Here's what everyone (except the Bernie protesters) ate

All photos by Daniela Galarza

Last week the Democratic Party officially named Hillary Clinton its presidential nominee, and to celebrate there were thousands of balloonsfirecrackers, flags, posters, flyers, and cheers — and there was also an enormous quantity of food. Staffers, media, managers, agents, security, Secret Service, and all manner of politicos were locked into the several-acre convention perimeter for four days. So how, and what, does one feed a national party convention? Steam tables and beefsteaks might have fed politicians in other eras, but today political convention food looks more like dining out in any big city center, with stalls, stands, pop-up restaurants, bars, outdoor dining (weather permitting), and thousands of eaters and drinkers.

For every presidential election cycle for the past 12 years, CNN has hosted a full-service restaurant adjacent to both the Republican and Democratic conventions. It's not just a restaurant, though: The space offers guests unlimited food and drink, an atmosphere appropriate for meetings and private meals, and a place for CNN to broadcast live during the convention. CNN partners with Ryan Seacrest's Civic Entertainment Group, an event planning company that hires caterers, restaurateurs, and consultants to erect an operational restaurant that meets the stringent standards of both the Secret Service and the FDA for four days in two different locations. (Yes, the FDA is on site at each national political convention to ensure food safety for delegates, politicians, press, and attendees.)

In each convention city, Civic Entertainment takes over an existing restaurant space within or just outside the security perimeter of each convention. While Civic sets up the structure, obtains the permits to redecorate and reconfigure the space, and brings in operational staff and security, the company is an event company, not a caterer: This year, Civic partnered with Philadelphia-based Starr Catering to provide the food.

Starr's team, particularly CEO and co-founder Simon Powles and executive chef Ashley James, spent the better part of five months hiring, training, and doing background security checks on staff; developing a menu using approved vendors for ingredients; hiring food safety personnel and working with the aforementioned FDA on systemized stop gaps to prevent food borne illnesses. Then, two days before the actual convention, Powles and James' team worked through the night to receive food deliveries, begin prepping menu items, and troubleshoot any last-minute issues.

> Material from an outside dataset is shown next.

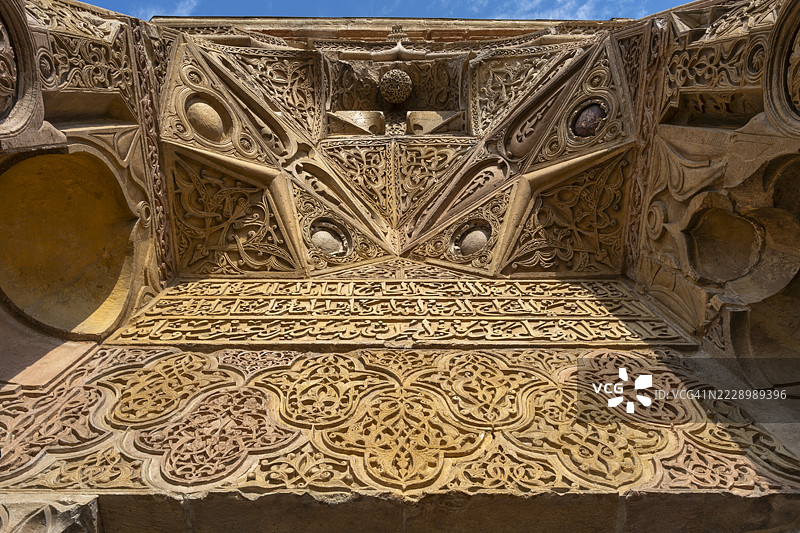 土耳其中部安纳托利亚的西瓦斯市的迪夫里吉大清真寺和医院（清真寺西入口门廊）图片素材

"The thing people don't think about is," James explained, "say, what happens when you run out of milk?" In a normal restaurant, a manager might send someone to the store to buy a few gallons of milk to get the restaurant through the next meal service. But with the Secret Service inspecting each and every delivery and an endless stream of cabs and Ubers swarming the receiving area of the convention perimeter, dashing out to buy milk and bringing it back to the kitchen is out of the question.

"We over-ordered just to be safe, and thankfully never ran low," James says. The Starr team set up delivery times with vendors so they arrived between 2 a.m. and 5 a.m. — to avoid security check delays — and partnered with the existing restaurant's kitchen team to manage the point-of-sale ordering system, equipment limitations, and workflow. "It's like putting on a massive pop-up restaurant," Powles says, and in terms of the size and scope of this venture, it's one of the top 10 biggest projects Starr Catering has ever taken on.

At the DNC, the CNN Grill was open from 5 p.m. until 2 a.m. and offered two bars and a full-service menu including fried chicken and waffles, burgers, salmon, salads, chips, fresh soft pretzels, water ice, and other locally-inspired items. With support from Google, the Grill hosted several of its news and talk programs live throughout the day while food was not being served.

While other areas of the convention center contained pop-up kiosks selling local Philly favorites like Geno's cheesesteaks and water ice, the CNN Grill attracted celebrity guests and media like Stephen Colbert, Shailene Woodley, David Schwimmer, and Samantha Bee. Politicians and media hobnobbed at the bar and the all-you-can-eat private pop-up restaurant buzzed late into the night, every night. Here's a breakdown of what approximately 3,800 guests ate and drank at CNN Grill during the four-day convention in Philadelphia:

Angus beef burger: 991

Bacon: 85

Baked beans: 91

Beer: 3,300 Pints

Berry bowls: 66

Berry crisp: 64

Blackened salmon: 600

BLTA sandwich: 129

Brussels sprouts: 448

Cheesesteak breakfast sandwiches: 31

Cheesesteak eggrolls: 245

Chicken & waffles: 284

Chicken tinga sandwich: 187

Chive scrambled eggs: 288

Cobb salad: 359

Cocktails: 2,100

Cupcakes: 69

Deviled eggs: 501

Doughnuts: 554

Farro salad: 62

Fish taco: 311

French fries: 1228

French toast: 16

Green salad: 277

Hummus: 349

Ice cream: 628 scoops

Italian hoagie: 77

Kale Caesar salad: 402

Korean chicken wings: 646

Mac & cheese: 488

Melon caprese salad: 262

Milkshakes: 306

Oatmeal: 22

Portobello burger: 326

Sausage: 45

Scrapple: 9

Soft pretzels: 484

Tastykake shakes: 81

Water ice: 140

Wine: 2,100 glasses

Yogurt parfait: 36

All 2016 Presidential Election Coverage [E]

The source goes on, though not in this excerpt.